The dollar index soared to a new 2-year high on Wednesday after the Federal Open Market Committee (FOMC) had left QE3 hopefuls disappointed once again. The index tapped a high of 89.093 as the dollar ended the day higher against most of its major counterparts.
Back in June, the markets rallied at the expense of the dollar as investors anticipated the need for QE3. But I can’t help but wonder if these gains will all be undone now that the Fed has settled for a mere extension of Operation Twist and appears to be moving away from further easing.
In its last FOMC statement, many were disappointed that the Fed didn’t announce QE3 and instead just went with an extension of its Operation Twist program. Still, policymakers didn’t exactly leave the markets empty handed.
They gave investors hope for more stimulus down the line as the central bank’s growth, inflation, and unemployment forecasts were all revised for the worse. Hence, people had reason to believe that QE3 was still a possibility.
However, the minutes of the latest meeting reveal that the Fed may actually be shying away from more stimulus. Surprising at it may sound, it appears as though central bankers are expecting the economy to pick up steam over the coming months!

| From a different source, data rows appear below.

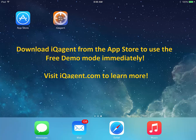Download IQ Agent from the App Store to start using our demo mode immediately. Visit IQAgent.com to learn more.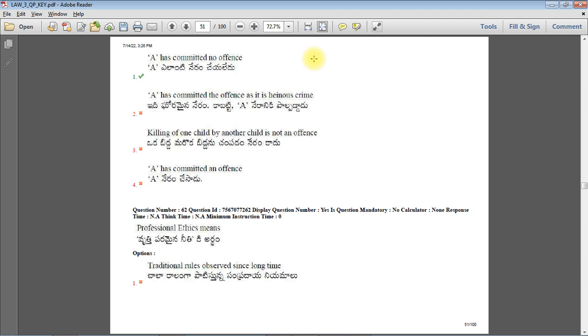So here the correct answer is: A has committed no offense. Because according to Section 82 of Indian Penal Code, a child who is below age of 7 years is not punishable under IPC even if he commits a crime. That means he will not be punished and it will not be treated as an offense. And then there is Section 83 of IPC for children above 7 years.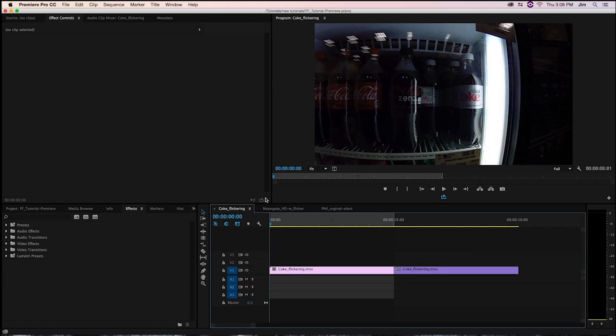Welcome to another Digital Anarchy Tutorial. I'm Tor Olson, software QA here at Digital Anarchy, and today we're going to take a look at Adobe Premiere Pro and how our plugin, FlickerFree, works within it.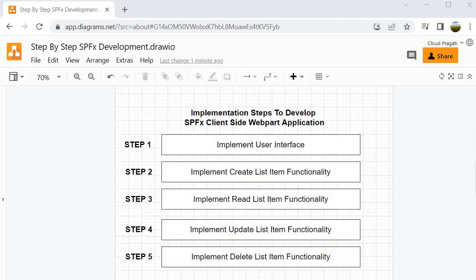We will start with Step 1, where we will implement the user interface. Once done, we will proceed to Step 2, where we will implement the create list item functionality. Then Step 3 covers how to design the read list item functionality. Step 4 will implement the update list item functionality. Finally, Step 5 covers the implementation of the delete list item functionality in our SPFX client-side web part application.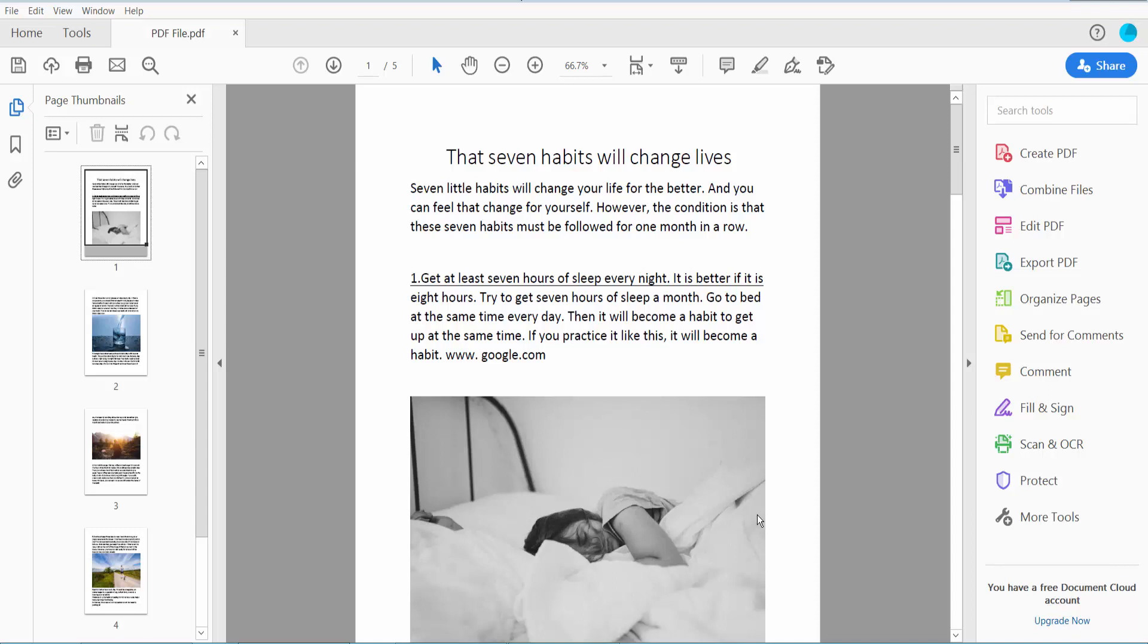Hello everyone, today I will show you how to make a weblink in a PDF file using Adobe Acrobat Pro DC.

While two out of the 12 voting members of the FOMC have hinted that they’re ready to pull the QE trigger once more, two others indicated that such a move would only be needed if employment conditions do not get better or if the economy faces more headwinds.
Right now, though the Federal Reserve recognizes the risks to the global economy posed by the European debt crisis, it still believes that the U.S. economy isn’t in immediate danger. According to the minutes, the FOMC is content with its extension of the Operation Twist program. Heck, the committee even described the risk of further economic deterioration as being “low at present.” How’s that for confidence, eh?
One thing you should note though is that the FOMC minutes were based on the meeting back in June, before the release of highly concerning manufacturing, non-manufacturing, and employment data. It’ll be interesting to see if the policymakers’ stances have changed after seeing these weak reports. After all, they do present solid arguments for more easing.